- Created by: Jesse Cowell
- Starring: Marissa Parness Elizabeth Plevy Guy Rader Michael Speer Jack Perry Sharon Hawk
- Country of origin: United States
- Original language: English
- No. of episodes: 12

Original release
- Network: The Escapist

= Drawn By Pain =

Drawn By Pain is a 12-part episodic internet series. It is about the spiral into one woman's search for salvation as her animated madness fights for her sanity in the real world.

==Plot/Summary==
A little girl with an abusive father finds a creative outlet for her inner turmoil in personal drawings to escape the horrible reality of her domestic life.

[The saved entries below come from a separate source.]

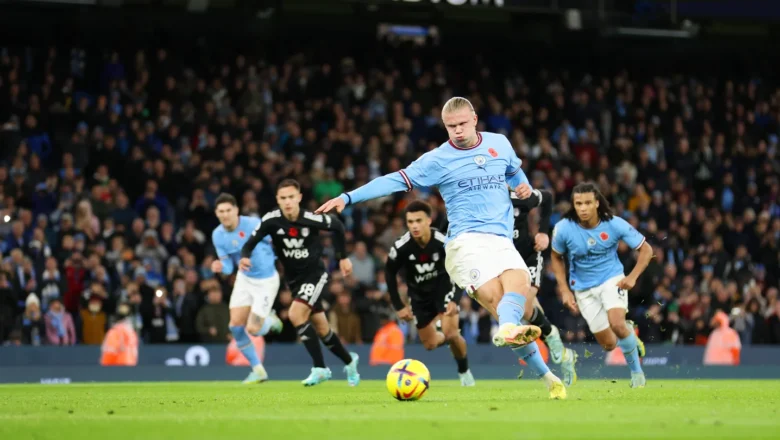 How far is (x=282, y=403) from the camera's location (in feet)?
36.2

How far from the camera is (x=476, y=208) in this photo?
10922 mm

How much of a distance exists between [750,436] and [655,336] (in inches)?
769

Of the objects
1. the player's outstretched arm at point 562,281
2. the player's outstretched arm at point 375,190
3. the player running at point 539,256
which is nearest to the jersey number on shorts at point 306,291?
the player running at point 539,256

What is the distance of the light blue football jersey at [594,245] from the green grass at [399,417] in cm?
225

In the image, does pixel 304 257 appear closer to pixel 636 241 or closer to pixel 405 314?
pixel 405 314

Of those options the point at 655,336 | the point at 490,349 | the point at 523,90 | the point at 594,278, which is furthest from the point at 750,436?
the point at 523,90

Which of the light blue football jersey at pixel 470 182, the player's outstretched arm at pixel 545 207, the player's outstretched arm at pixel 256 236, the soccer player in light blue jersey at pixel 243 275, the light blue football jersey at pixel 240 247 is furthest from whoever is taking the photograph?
the light blue football jersey at pixel 240 247

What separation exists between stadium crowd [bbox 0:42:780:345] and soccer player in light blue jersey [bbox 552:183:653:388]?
8736mm

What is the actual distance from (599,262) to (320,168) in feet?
44.0

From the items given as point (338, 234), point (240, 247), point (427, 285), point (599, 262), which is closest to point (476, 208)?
point (599, 262)

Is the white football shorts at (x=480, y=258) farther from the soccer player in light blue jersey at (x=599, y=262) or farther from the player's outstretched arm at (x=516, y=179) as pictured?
the soccer player in light blue jersey at (x=599, y=262)

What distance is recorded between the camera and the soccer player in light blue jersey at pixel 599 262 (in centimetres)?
1409

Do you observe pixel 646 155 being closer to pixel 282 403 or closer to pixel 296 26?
pixel 296 26

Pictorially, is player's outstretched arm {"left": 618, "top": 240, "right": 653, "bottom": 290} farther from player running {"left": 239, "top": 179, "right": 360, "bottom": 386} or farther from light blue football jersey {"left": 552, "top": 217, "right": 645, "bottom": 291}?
player running {"left": 239, "top": 179, "right": 360, "bottom": 386} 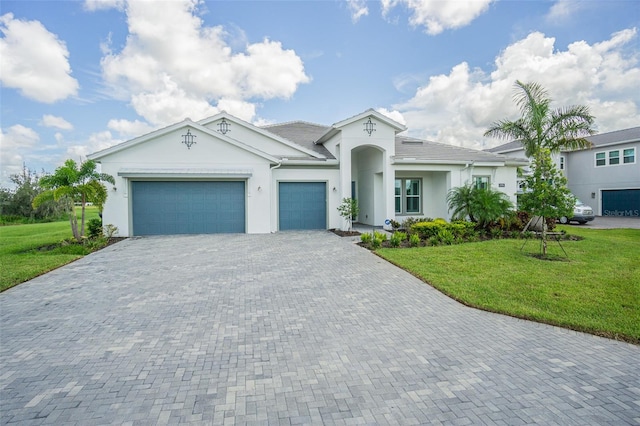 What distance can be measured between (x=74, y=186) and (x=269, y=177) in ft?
23.8

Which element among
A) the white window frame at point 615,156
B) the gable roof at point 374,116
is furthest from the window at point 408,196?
the white window frame at point 615,156

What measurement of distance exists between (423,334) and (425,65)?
1700cm

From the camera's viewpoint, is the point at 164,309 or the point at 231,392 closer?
the point at 231,392

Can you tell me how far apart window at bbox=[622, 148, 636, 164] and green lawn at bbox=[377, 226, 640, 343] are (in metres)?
19.0

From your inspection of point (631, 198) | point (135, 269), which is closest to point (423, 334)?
point (135, 269)

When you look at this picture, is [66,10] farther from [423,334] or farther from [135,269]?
[423,334]

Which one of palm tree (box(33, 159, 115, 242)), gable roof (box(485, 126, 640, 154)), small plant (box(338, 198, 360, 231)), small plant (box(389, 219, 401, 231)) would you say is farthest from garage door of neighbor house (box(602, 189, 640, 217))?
palm tree (box(33, 159, 115, 242))

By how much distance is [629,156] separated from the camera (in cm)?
2455

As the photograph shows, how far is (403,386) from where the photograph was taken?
10.7 feet

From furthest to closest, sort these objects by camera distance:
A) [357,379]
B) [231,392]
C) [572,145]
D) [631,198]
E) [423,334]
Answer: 1. [631,198]
2. [572,145]
3. [423,334]
4. [357,379]
5. [231,392]

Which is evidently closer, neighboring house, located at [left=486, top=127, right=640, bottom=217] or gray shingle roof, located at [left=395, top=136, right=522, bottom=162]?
gray shingle roof, located at [left=395, top=136, right=522, bottom=162]

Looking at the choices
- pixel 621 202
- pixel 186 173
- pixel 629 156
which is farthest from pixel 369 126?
pixel 621 202

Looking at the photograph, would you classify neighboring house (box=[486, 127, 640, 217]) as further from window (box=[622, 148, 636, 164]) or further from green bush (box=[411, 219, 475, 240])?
green bush (box=[411, 219, 475, 240])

In his last fit of rage, her father kills her mother and then turns his attention to young Emily. The illustrations in her sketch book come to life in her defense. Fueled by her rage, Emily becomes her animated dark alter-ego and strikes out against her father, avenging her mother's unjust death. Consequently, Emily's adulthood is as broken as her childhood. A bitter and sheltered woman, Emily's past demons fuel, empower, and push her to be the very thing she once feared: a monster. Publicly quiet but privately vengeful, her animated beasts degenerate others into their ugliest forms. As soon as they become their worst, she destroys them as if were her personal responsibility.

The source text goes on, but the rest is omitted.